Consensus is (by users and the mags) that the Vortex is fractionally less optically than a Swaro. Perhaps the writes in those mags got kickbacks. LOL!! I think that if I did have the cash to burn on a Swaro and used it as much as I use my Vortex I might be biased towards them. To this day I have always been able to see the same stuff as the guy next to me with Swaro and I can see as clearly as I would expect.


----------



## BigT (Mar 11, 2011)

I've got the Swaro 65mm ATS with the 25-50W eye piece. I absolutely love this set-up. I would love to have the 80mm scope, but the wide angle eye piece makes up for some of that, and it's much easier to pack. 

I run that with a light weight carbon tripod that has been great to use. 

Very expensive set-up but I think I would have saved money had I gotten this in the beginning and not bought and sold several others in my search for quality optics with no eye strain. I've owned both the Vortex Razor spotter, and binoculars before and have since switch to Swaro SLC 10x42HD binocs, and the scope. I use all of the optics mentioned in this post several times every month. This isn't something I get out for a week every fall. It's used year round. By far the most used thing I've got in the hunting category. 

I've also since switched over to the PhoneCam set-up through TinesUp. Far superior to PhoneSkope in my opinion. Since switching to TinesUp, I've also gotten their ScopeCam set-up and have been getting the best video footage I've ever gotten through a spotter. It's awesome!!!

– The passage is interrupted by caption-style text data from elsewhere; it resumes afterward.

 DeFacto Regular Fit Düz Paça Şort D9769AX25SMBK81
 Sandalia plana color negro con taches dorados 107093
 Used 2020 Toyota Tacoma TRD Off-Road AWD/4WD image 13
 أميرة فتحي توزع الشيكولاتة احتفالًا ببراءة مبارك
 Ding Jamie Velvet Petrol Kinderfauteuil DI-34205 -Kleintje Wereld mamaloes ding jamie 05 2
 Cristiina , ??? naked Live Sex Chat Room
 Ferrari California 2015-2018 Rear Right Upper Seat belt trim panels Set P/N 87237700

Plenty of nice optics out there. I'll have this Swaro for the long run... Since getting it I've not l've not looked for upgrades at all. Though I've heard great things about Kowa.


----------



## BigT (Mar 11, 2011)

MadHunter said:


> I get your point Dallan. I actually think my Gen2 Razor is a huge improvement over the DB. They are not in the same ball park as products so I know I got what I paid for. Compared to some of the Swaros that I have looked through I stand by my statement of money vs performance. However, I was conservative in the performance arena. My personal opinion is that my Razor is almost as good as a Swaro. That may not be the case for others it's just for me.
> 
> Consensus is (by users and the mags) that the Vortex is fractionally less optically than a Swaro. Perhaps the writes in those mags got kickbacks. LOL!! I think that if I did have the cash to burn on a Swaro and used it as much as I use my Vortex I might be biased towards them. To this day I have always been able to see the same stuff as the guy next to me with Swaro and I can see as clearly as I would expect.

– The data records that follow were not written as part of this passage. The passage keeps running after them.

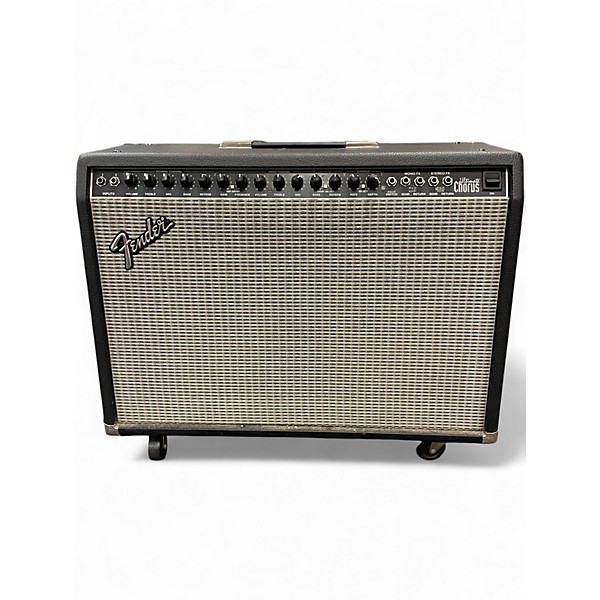 Used Fender Ultimate Chorus Guitar Combo Amp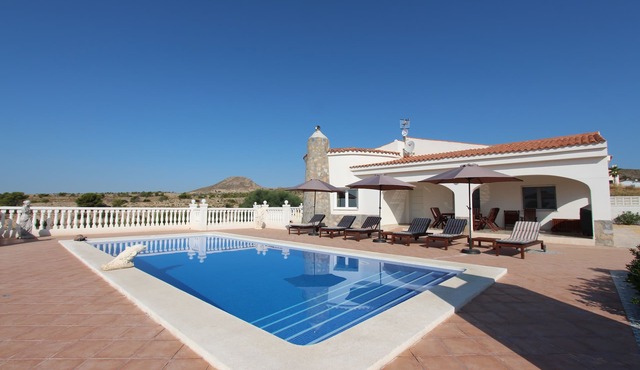 Villa with a large private swimming pool and panoramic coast views!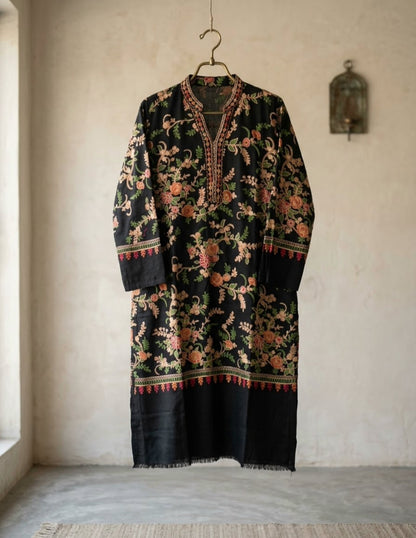 Embroidered kurta: Pashmina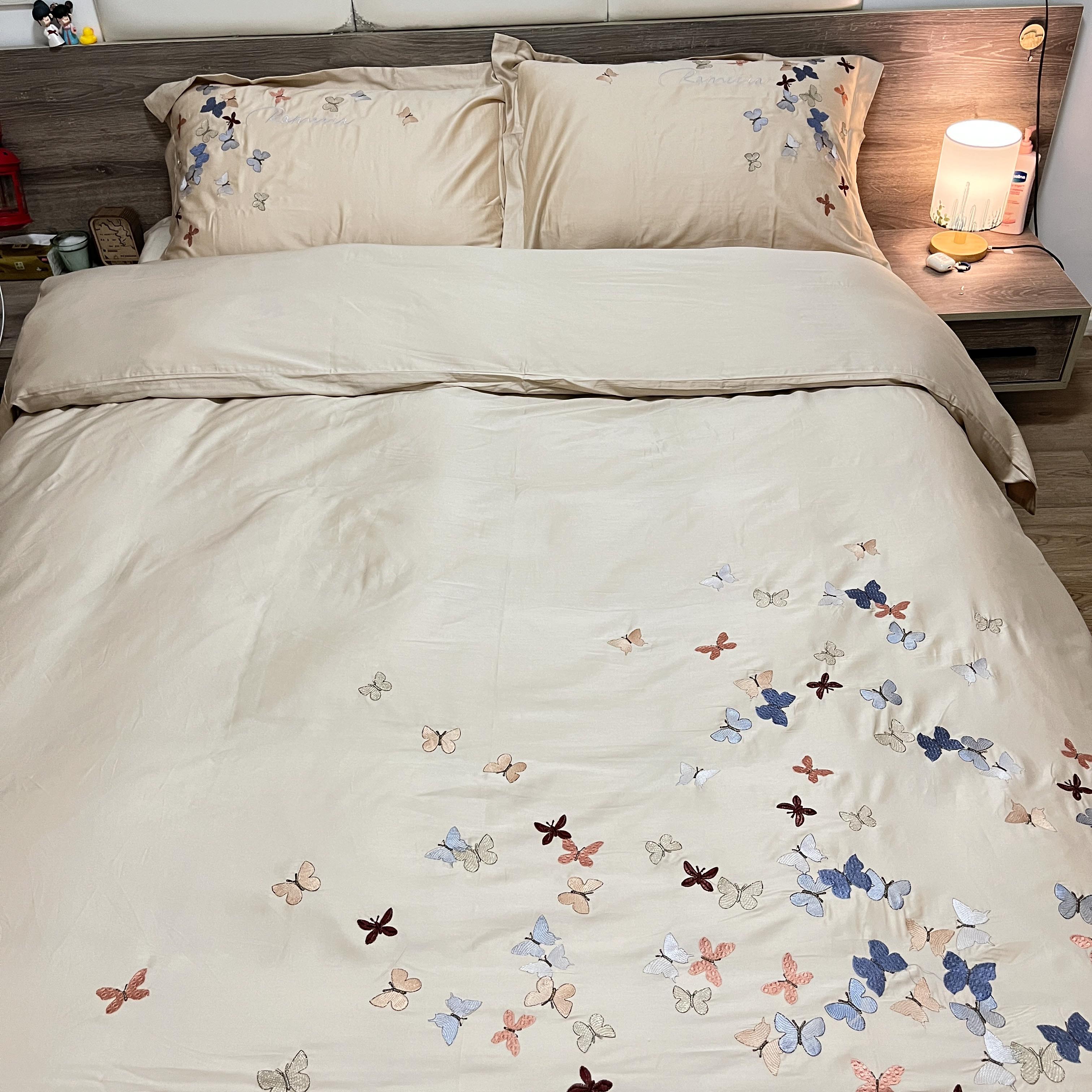 91家纺网 家纺一手货源 找家纺 理想家 2022新款13372全棉刺绣四件套-蝴蝶 金色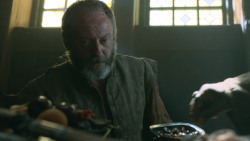 extant_GameOfThrones_3x01-ValarDohaeris_2049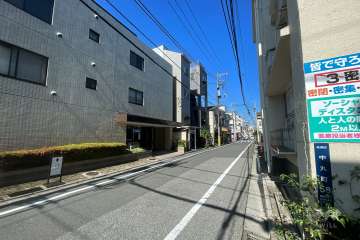 敷地北側の前面道路（東側から）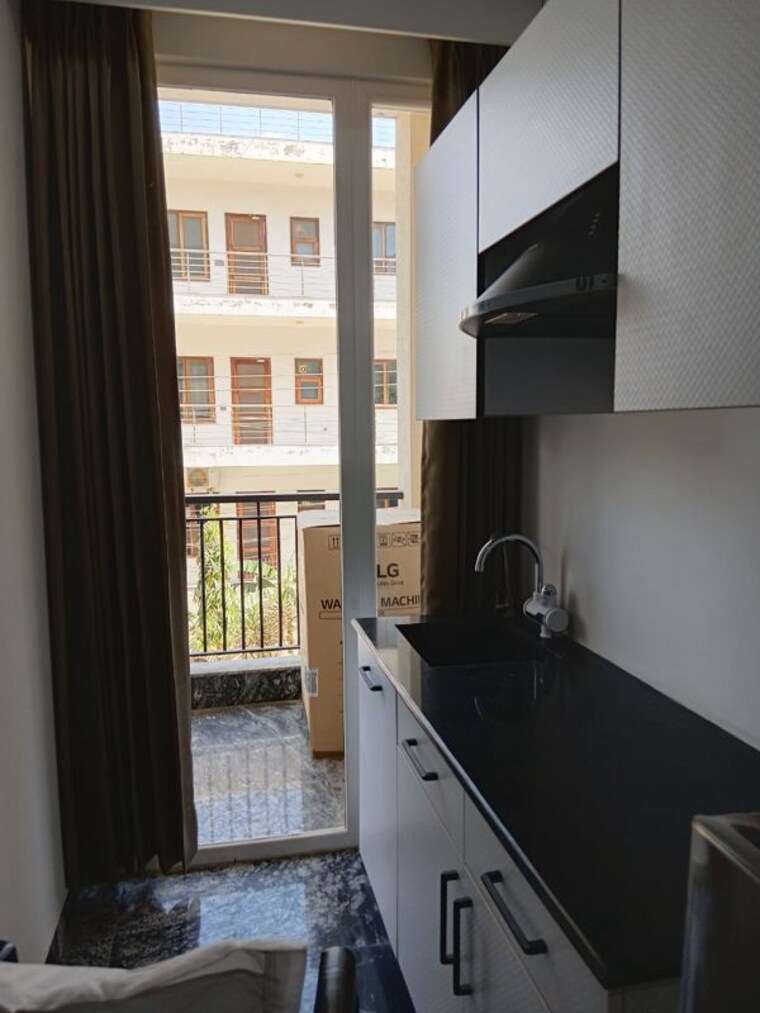 Kitchen, sector 46 1 RK 600 Sq.Ft. Builder Floor In Sector 46 Gurgaon 10130827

I don't have an issue at all with Vortex.. But when I was looking at some optics last year, I went to trusty old KSL classifieds and was overwhelmed with the amount of Razor Gen2s that were available for sell on KSL for quite a bit off the original price. I talked to several sellers of the people because I didn't want to spend the extra cash. I wanted to know how they felt about their performance, what they used it for, and why they were selling after just getting them. They all said they were getting something different for various reasons. In reference, there were page after page after page of Vortex products, and limited amounts of Swaro products. I get it, it's double the cost in some cases but to me it was worth the cost. I literally use mine twice a week or more.

Last fall, I had my Swaro side by side with a Vortex Razor out scouting until dark. The Razor was a clear glass. It's wasn't as crisp as the Swaro... Moreover, we stopped using the Razor about 20 minutes earlier than the Swaro. That was pretty eye opening to me.

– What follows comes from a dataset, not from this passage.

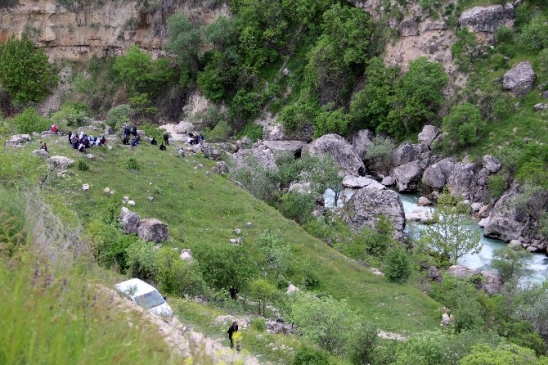 Tunceli Çemişgezek'te Tağar Çayı'na Kapılan 18 Yaşındaki Genç Kayboldu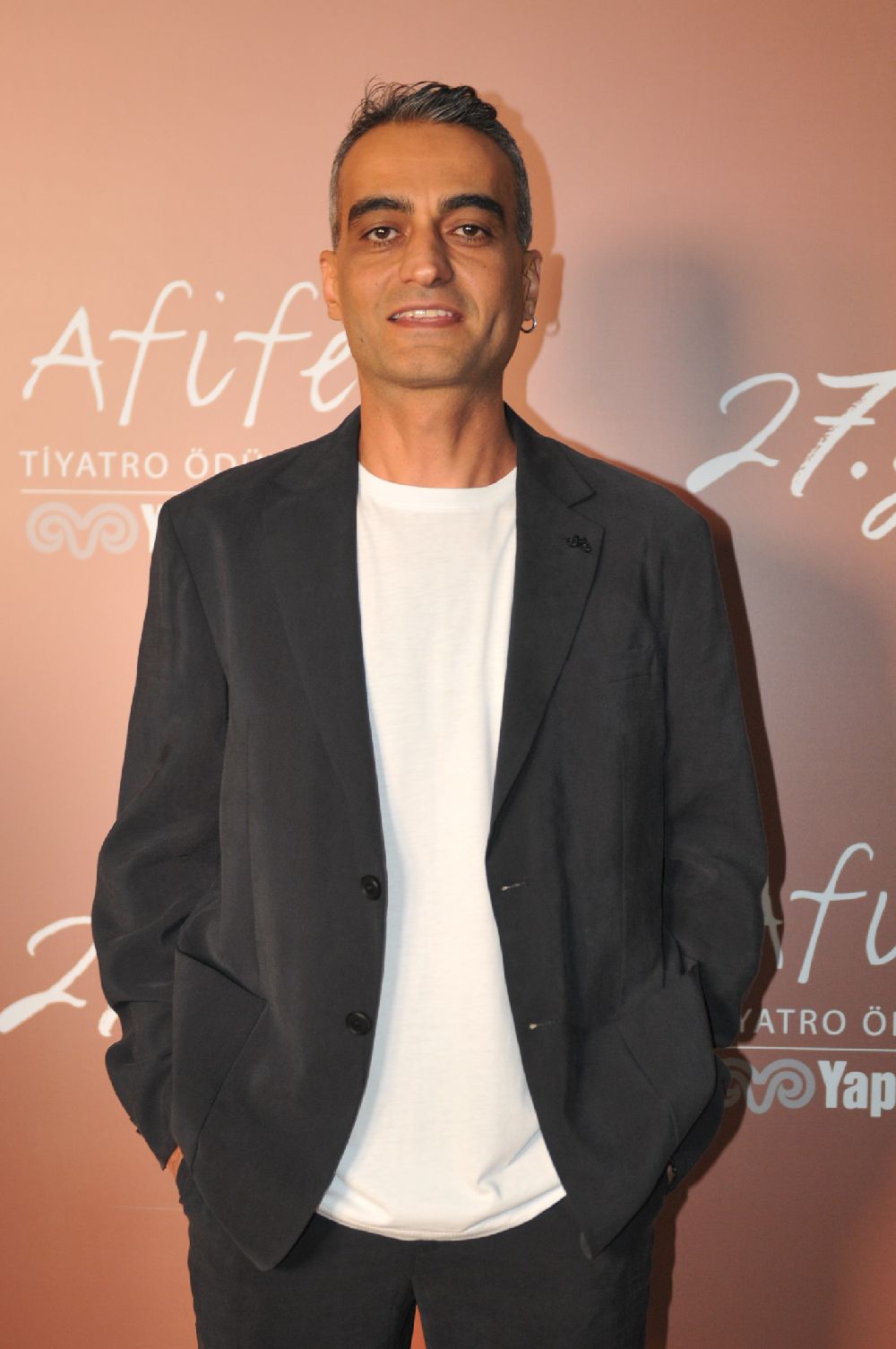 Tekin Ezgütekin tiyatroda hat-trick yaptı!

Not trying to come across like a glass snob... It's just from my eyes, they aren't as close as people make them out to be. I had the Cabelas Krotos HD scope that I felt was better than the Razor. I haven't looked through the Kowa scopes because I've heard that they are nicer than the Swaro and I don't want to spend anymore money!


----------



## DallanC (Jan 13, 2009)

BigT said:


> I haven't looked through the Kowa scopes because I've heard that they are nicer than the Swaro and I don't want to spend anymore money!


On my wifes Mt Goat hunt I got to look through a Swaro and a Kowa side by side looking at the same two billies. The Kowa was hands down clearer than the Swaro, thats not a knock in any way to Swarovski... its just that the Kowa was better. Seemed to be alot clearer through that early morning haze. I did not pack my Razor scope along on that hunt because it was overkill to have 3 big spotters.

-DallanC


----------



## Gledeasy (Mar 23, 2014)

I've used a Swarovski ATS 65 HD for years. I bought mine used for a pretty good deal. 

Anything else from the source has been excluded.